Les dotations budgétaires s'élèvent à 9,95 millions d'euros pour 2018 , et sont inscrites sur les crédits du programme 134 « Développement des entreprises et régulations » de la mission « Économie ».
Les neuf taxes affectées représentent 149,4 millions d'euros en 2018 . Elles sont prévues par l'article 71 de la loi n° 2003-1312 du 30 décembre 2003 de finances rectificative pour 2003. Elles sont plafonnées par l'article 46 de la loi n° 2011-1977 du 28 décembre 2011 de finances initiale pour 2012.
B. VERS LA GÉNÉRALISATION DU FINANCEMENT PAR TAXE AFFECTÉE
Dans un rapport remis au Premier ministre le 7 octobre 2014 36 ( * ) , Clotilde Valter préconisait la généralisation du financement des CTI et des CPDE par taxe affectée . Dans un contexte budgétaire contraint, le rapport soulignait les avantages d'une telle modalité de financement : pérennité et stabilité de la ressource ; neutralité sur le solde budgétaire ; contribution le des importations et acquisitions intracommunautaires ; implication des acteurs de la filière.

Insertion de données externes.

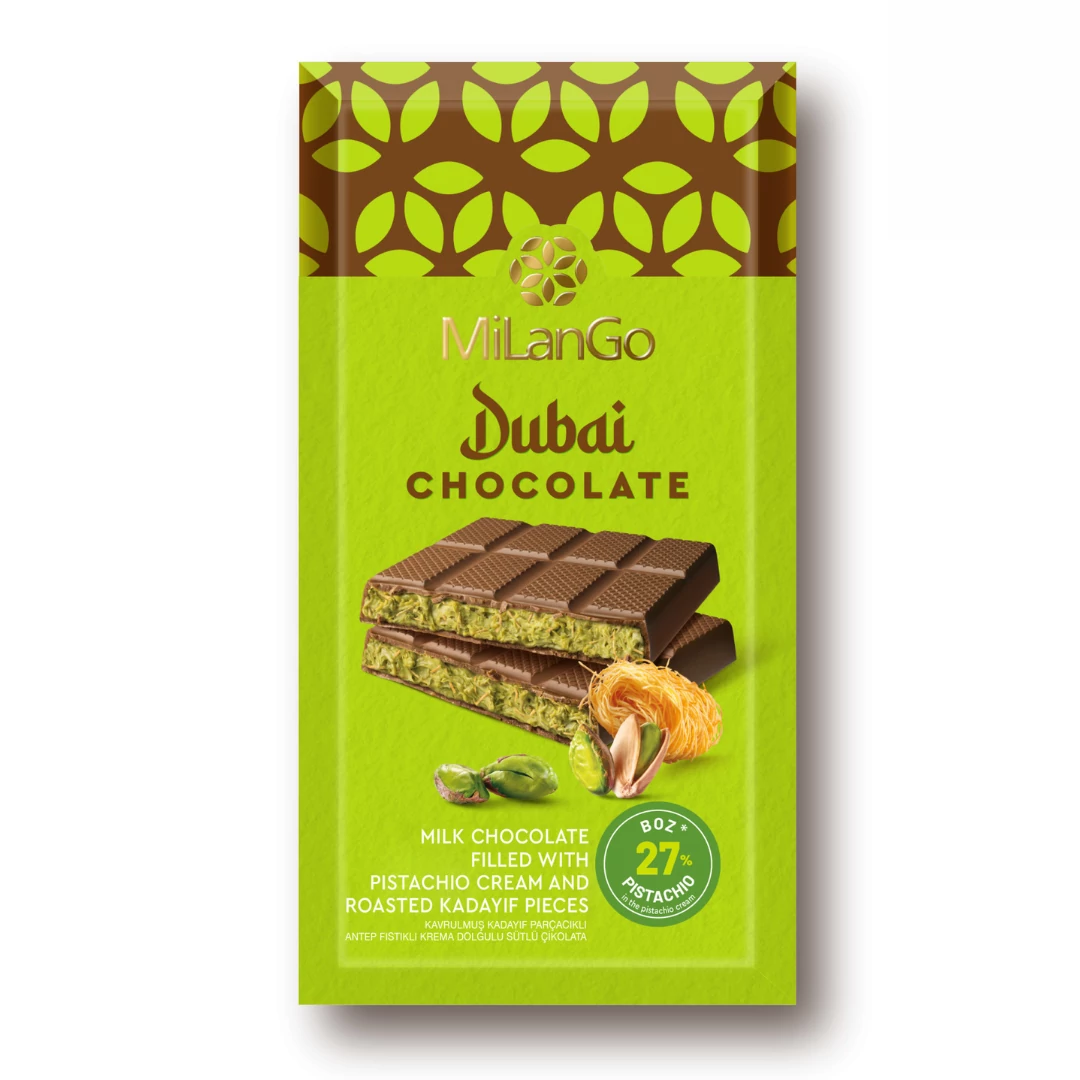 Sölen Milsngo Dubai csoki 122 gr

Dans ce contexte, l'article 137 de la loi n° 2015-1785 du 29 décembre 2015 de finances pour 2015 a :
- institué trois nouvelles taxes affectées , au bénéfice du centre technique des industries de la fonderie (CTIF), de l'institut des corps gras (ITERG), et du nouveau centre technique industriel de la plasturgie et des composites (CTIPC) créé par ce même article ;
- harmonisé et sécurisé les dispositions législatives encadrant l'ensemble des taxes affectées aux CTI et aux CPDE , s'agissant des missions que celles-ci sont susceptibles de financer d'une part, et des procédures de recouvrement, de contrôle et de recours d'autre part.
Ces taxes affectées ont par ailleurs connu une série de corrections et d'ajustements techniques dans le cadre des lois de finances pour 2016 et pour 2017. Dernier ajustement en date, l'article 19 ter du présent projet de loi de finances pour 2018 vise à permettre la modulation du taux de prélèvement de la taxe affectée au centre technique industriel de la plasturgie et des composites (CTIPC).

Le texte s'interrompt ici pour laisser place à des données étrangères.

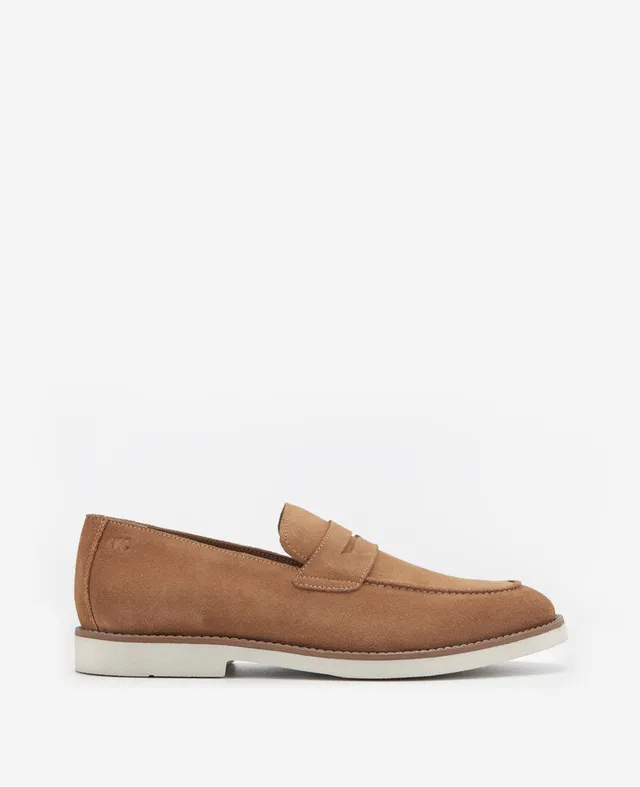 Kenneth Cole Reaction Shoes Savon Casual Penny Loafer mocassino uomo scamosciato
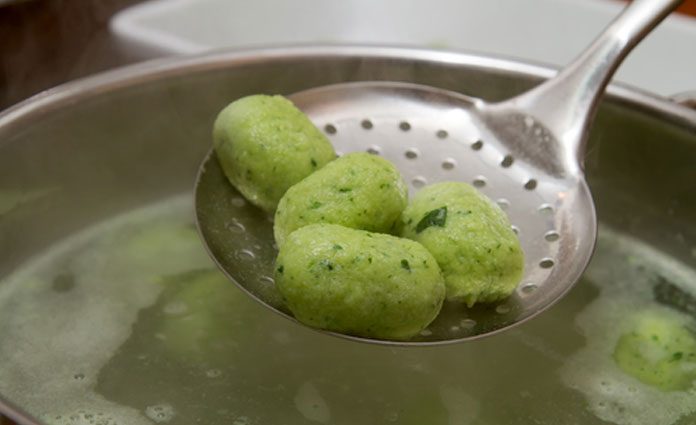 Bärlauch-Topfen-Gnocchi Bärlauch-Topfen-Gnocchi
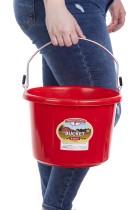 8 Quart Plastic Bucket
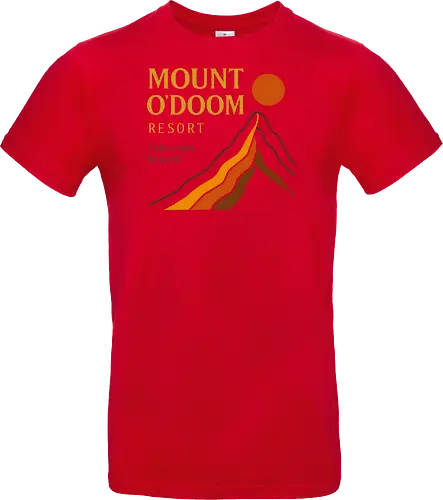 Mount O’Doom Vintage Travel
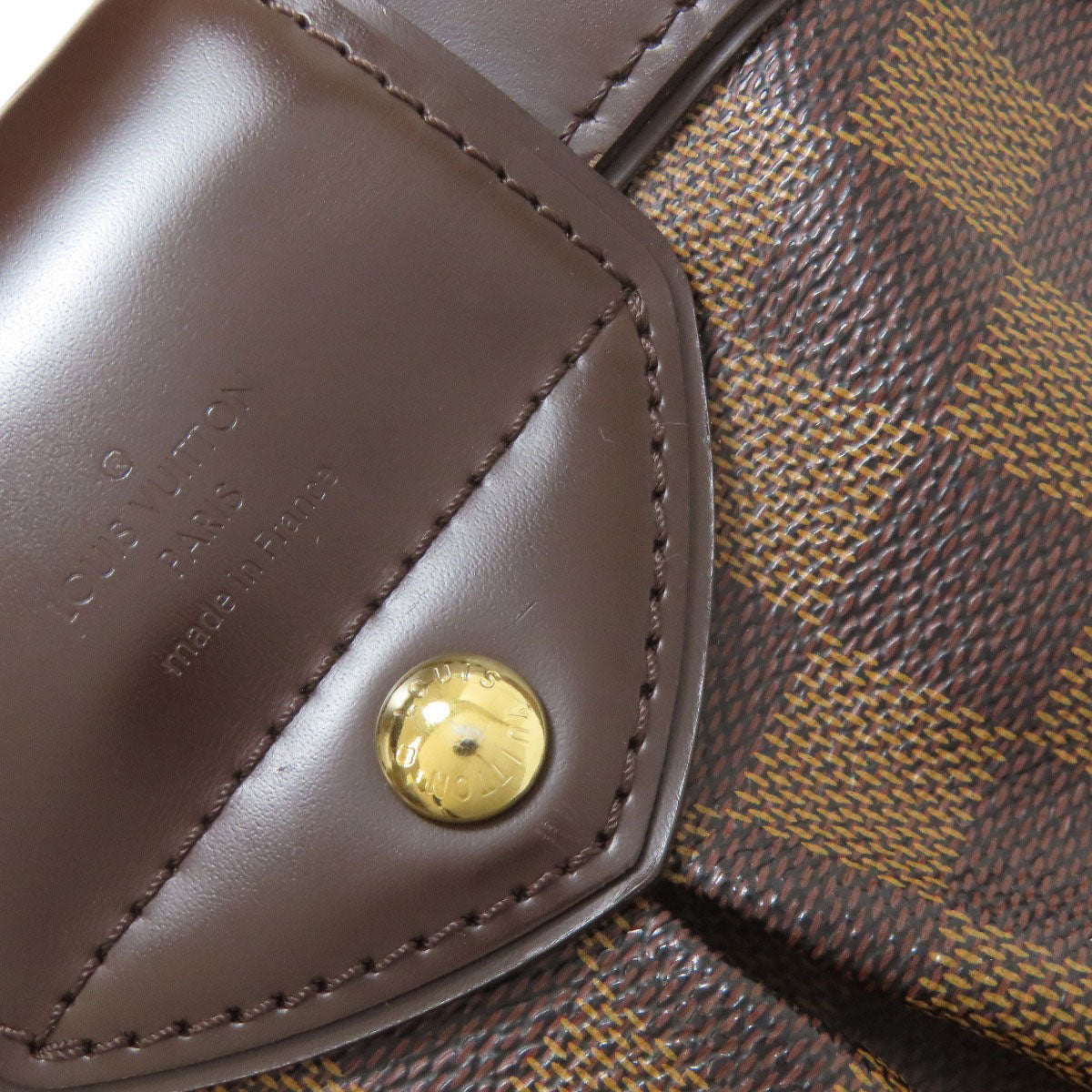 ルイヴィトン N41541 システィナMM ショルダーバッグ ダミエキャンバス レディース 【中古】【LOUIS VUITTON】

II. LE DISPOSITIF ADOPTÉ PAR L'ASSEMBLÉE NATIONALE
Le présent article est issu de trois amendements identiques , présentés respectivement par Joël Giraud, rapporteur général au nom de la commission des finances (n° II-1359, modifié par le sous-amendement n° II-1880 du Gouvernement), Damien Adam (n° II-1550) et Sébastien Jumel (n° II-1151). Ces amendements ont reçu l'avis favorable du Gouvernement.

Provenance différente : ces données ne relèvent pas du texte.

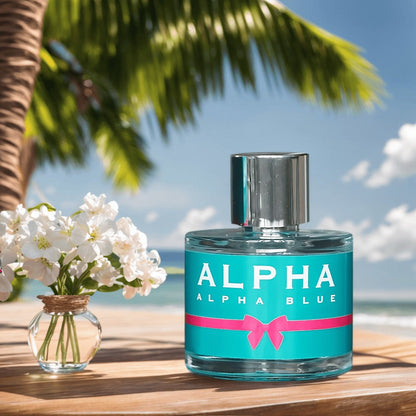 Alpha Blue Women's Eau de Toilette 3.4 fl oz | Sweet Floral Perfume Spray for Women Long Lasting Fragrance Gift for Her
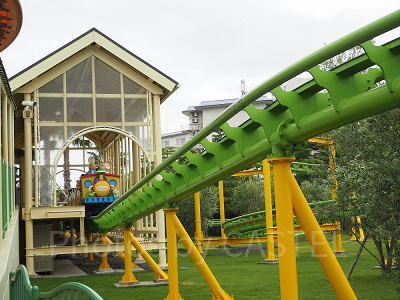 ピーターラビットコースター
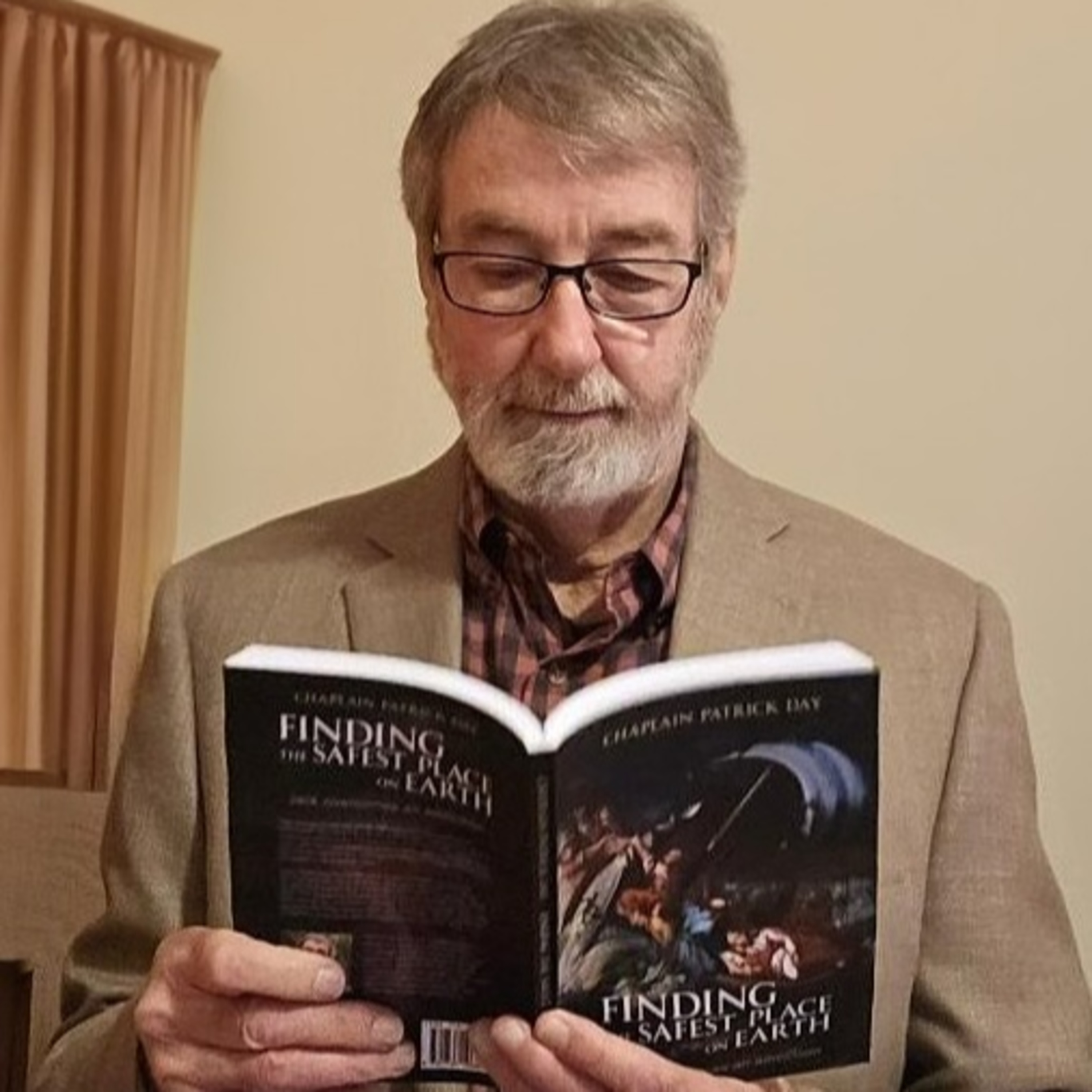 Coffee on the Couch with Patrick Day - Author/Publisher episode artwork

Il vise à créer une taxe affectée au centre technique du papier (CTP) , qui exerce des missions au service de la filière du papier (notamment à recycler), du carton et de la pâte de cellulose.
À cette fin, l'article 71 de la loi n° 2003-1312 du 30 décembre 2003 de finances rectificative pour 2003 serait complété par un bis , dont les dispositions sont analogues à celles qui prévoient les autres taxes affectées . Les caractéristiques de cette taxe sont les suivantes :
- elle serait due par les fabricants établis en France du papier, du carton et de la pâte de cellulose, ainsi que par les importateurs de ces produits . Ces produits seraient recensés par arrêté du ministre chargé de l'industrie, en référence à la nomenclature de produits française en vigueur ;
- elle serait assise sur le chiffre d'affaires hors taxes généré par la vente de ces produits , ou sur la valeur vénale de ces produits lorsqu'ils sont incorporés à d'autres produits. Pour les importations, la taxe serait assise sur la valeur en douane appréciée au moment de l'importation sur le territoire national ;
- son taux serait de 0,4 %o, montant révisable chaque année par décret à l'intérieur d'un intervalle compris entre 0,4 %o et 0,6 %o.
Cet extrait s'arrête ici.